Toronto filmmaker, Ann Shin’s Smart Drugs lets us experience the world of hacking into our very being to seek personal improvements, thanks to willing guinea pig, Badminton.

There seems to be a collective social obsession with making our bodies look more fit, but what about our minds? Don’t just exercise and diet! Why not also take drugs? They’ll make ya smart! Silicon Valley is the mecca of Smart Drugs. These cognitive enhancement supplements contain ingredients such as caffeine, theanine, plants and amino acids. Sounds safe enough. But over a prolonged period of time, what effects, or side effects do they have? Badminton followed a regiment of Nootropics – one of the leaders in smart drugs. His motivation was not only “for science” but also because he had previously experienced burnout and degenerating health, and had a lot of anxiety about it recurring.

But as soon as he’d settled into the Nootropics lifestyle, he decided to explore other biohacking, well…hacks. How can one not only avoid peak stress, but somehow harness it to be a more brain-efficient human? Try some cognitive control wearing a silly headset! Transcranial Brain Stimulation is a real thing. It isn’t science fiction – science already knows how to stimulate the brain using pulses sent through a bunch of electrodes. And if that isn’t enough, one can always attempt fasting. Because a no-calorie diet seems to be a method of kickstarting our system into high-output activity. One might assume that adding jogging and intense breathing techniques would make a person more exhausted. But according to experts in biohacking, the opposite effect should occur.

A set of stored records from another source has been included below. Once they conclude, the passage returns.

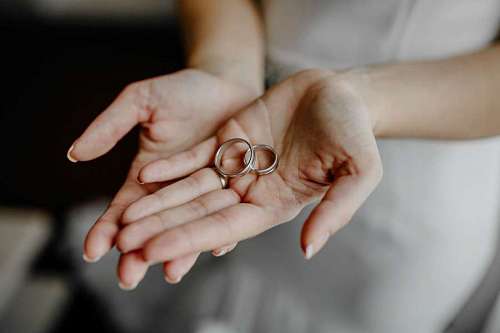 Bride holding wedding rings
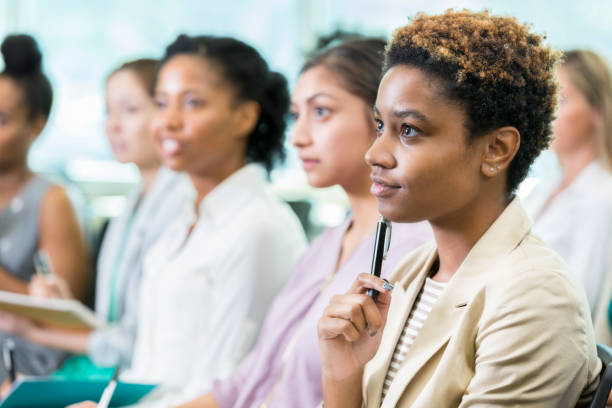 istock Thoughtful woman attends business conference 857689206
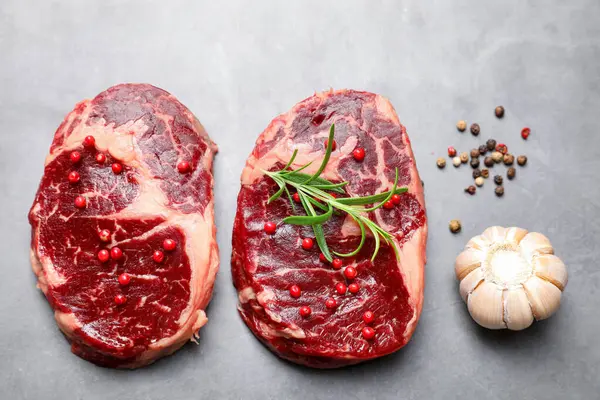 Çiğ et parçaları ve baharatlar gri dokulu masa üzerinde, düz yatıyordu.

And if competitive meditation and an added dose of hip and very sought-after illegal prescriptions of Modafinil aren’t enough, we can always turn to micro-doses of LSD! Modafinil is normally used to treat narcolepsy and shift-work sleep disorders. It can cause headaches, nervousness and anxiety. This is becoming the cognitive enhancement drug of choice for people like Coders. Individuals who sit for prolonged hours staring at numbers and codes way past bedtime, with no care to food or bathroom breaks. This is the lifestyle of people with short deadlines and high expectations from their employers.

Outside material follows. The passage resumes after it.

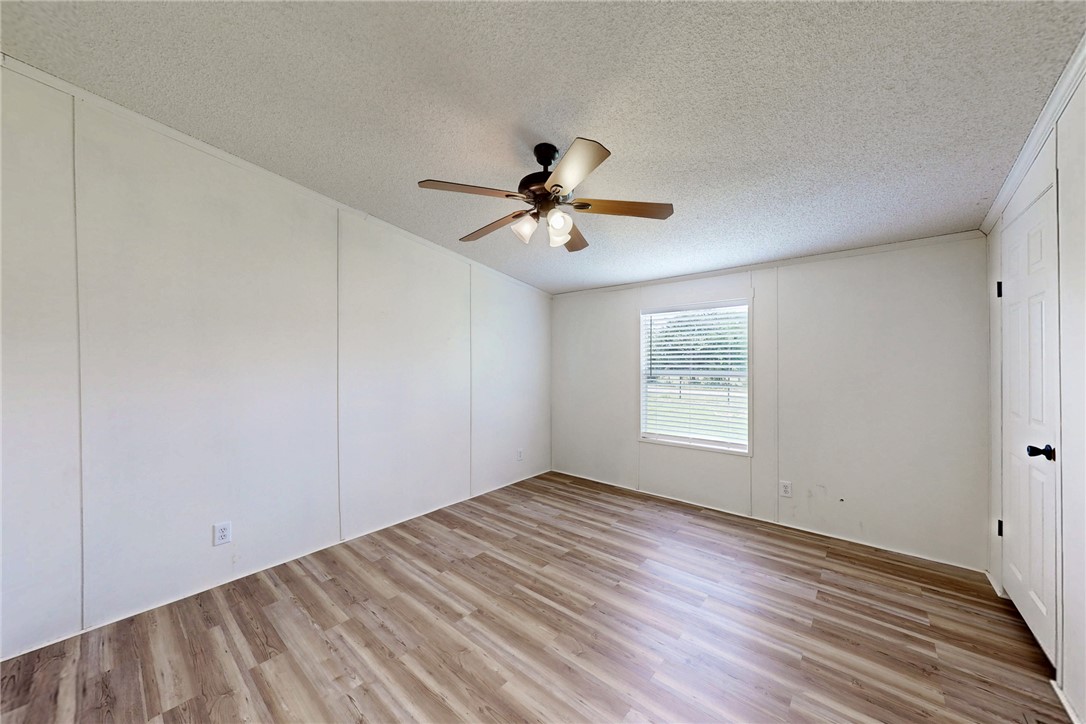 11459 Winstead Lane Calvert, TX 77837 - Photo 16 of 37 a view of empty room with wooden floor and fan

Badminton saw the positive and negative effects of biohacking, but in the end had a “smart” piece of insight. Slow down. Cut off the outside world for a few hours a week. No phone, no electronics. It’s not much, but we need to reconnect with ourselves. Humans are not limitless. Nor should we be. We once worked with our hands. These days we work with our heads. Next, there is a hope we might work with our hearts. After all, we’re humans, dammit.


Smart Drugs airs on the documentary Channel on May 12 at 9 p.m. & 12 a.m. ET/PT and May 14 at 7 p.m. ET/PT.